核保有国のエゴイズム丸出しの戦略ですね。INF全廃条約はその戦略を米ソが捨てたことを意味しますが、この条約が今年破棄されたということは、再び米露が自国本土の身代わりに同盟国を戦場にする戦略に復帰したことになりますね。そして今、核保有国の「戦域」は、欧州から日本を中心とする東アジアに移ったということでしょうか?
そのとおりです。INF全廃条約失効翌日の8月3日、アメリカのエスパー国防長官は早速記者団に対し、中国の軍事脅威に対抗するため中距離ミサイルをアジア方面に配備したいと述べましたが、そこには日本も含まれるとされます。
これに中国が反発し、アメリカのミサイル配備に対しては中国も対抗措置を講じると表明、さらに日本、韓国、オーストラリアにも警告を発しました。
ロシア外務省もまた、アメリカがアジアにミサイルを配備するなら対抗措置をとると表明しました。
アメリカがアジアに中距離ミサイルを配備した場合、それは距離的に中国・ロシアに届きますが、中国やロシアの中距離ミサイルはアメリカ本土には届きませんよね。
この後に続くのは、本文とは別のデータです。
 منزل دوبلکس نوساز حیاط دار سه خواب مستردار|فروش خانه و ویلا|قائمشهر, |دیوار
それは不公平ではありませんか?
はい。中露が強く反発するゆえんです。しかし対抗措置として米本土を標的にするとは言えませんから(そんなことをすれば全面核戦争になりかねません)、中露もまた中距離ミサイルに力を入れ、在日米軍など海外の米軍施設を射程に収めようとしているのです。むろん軍事施設だけでは済みません。周囲の地域もみな巻き込まれます。
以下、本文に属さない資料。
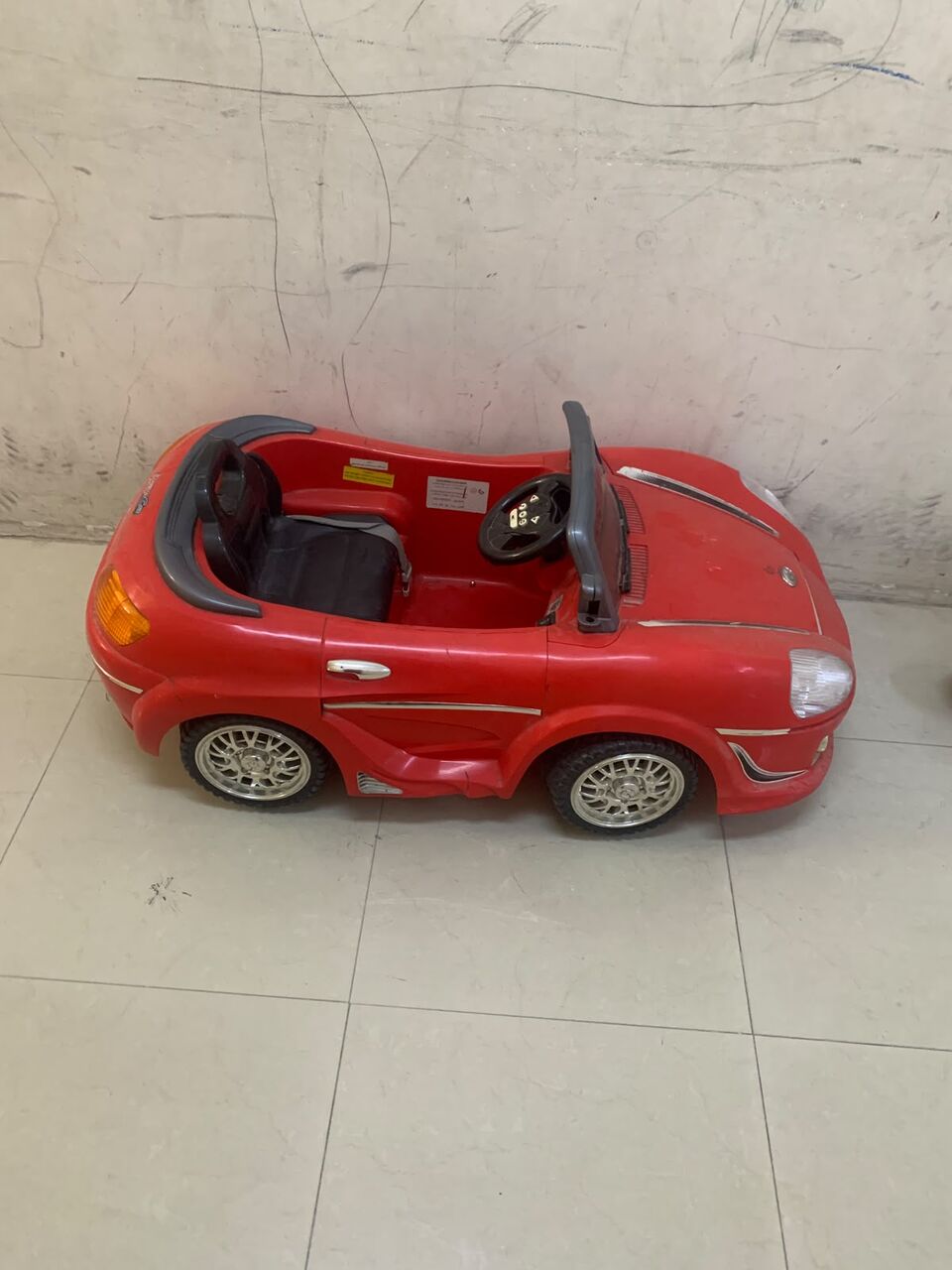 Jubail, Toys & Games, SAR 40,  Kids Ride‑On Toy Car – Red (Battery And Wireless Remote)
それでは日本はアメリカの弾除け、身代わりではありませんか?
そうなります。ところでつい最近、「琉球新報」(10月3日付ウェブ版)が非常に興味深い報道をしています。ロシア情報筋から入手したとのことですが、アメリカは今後2年以内に、沖縄や北海道に新型の中距離ミサイルを配備すべく、日本との協議を始めようとしているというのです。その新型ミサイルには核弾頭が装着可能とのことですから、いよいよ日本の非核三原則も危機に瀕することになります。
そういえば、北朝鮮が10月2日に打ち上げたSLBM(潜水艦発射弾道ミサイル)も中距離ミサイルでしたね。日本全土を射程に収められるものだったとか。アメリカ本土に届く種類のミサイルではないため、トランプ政権の対応はおだやかで、実験を糾弾するどころか、3日後の5日にはストックホルムで米朝実務協議が行われました。なにか日本が駆け引きの材料にされているようではありませんか?
そう思います。しかし、このような情勢下で日本政府の対応はどうでしょう。10月8日、東京・有明の公園で、河野防衛大臣と小池都知事が臨席し、迎撃ミサイル・システムPAC3の展開訓練を行ったのです。
かりに北朝鮮のミサイルが飛来しても国民の生命・財産を守れるとのデモンストレーションなのですが、政府の対応はあまりに鈍重との印象をぬぐえません。日本を取り巻く各国が中距離核戦力をちらつかせる危険なゲームを行い、その標的が日本だというのに、これを甘受していていいものなのか。この理不尽かつ不条理な状況を打破すべく、全力で外交を展開しなくては政府失格でしょう。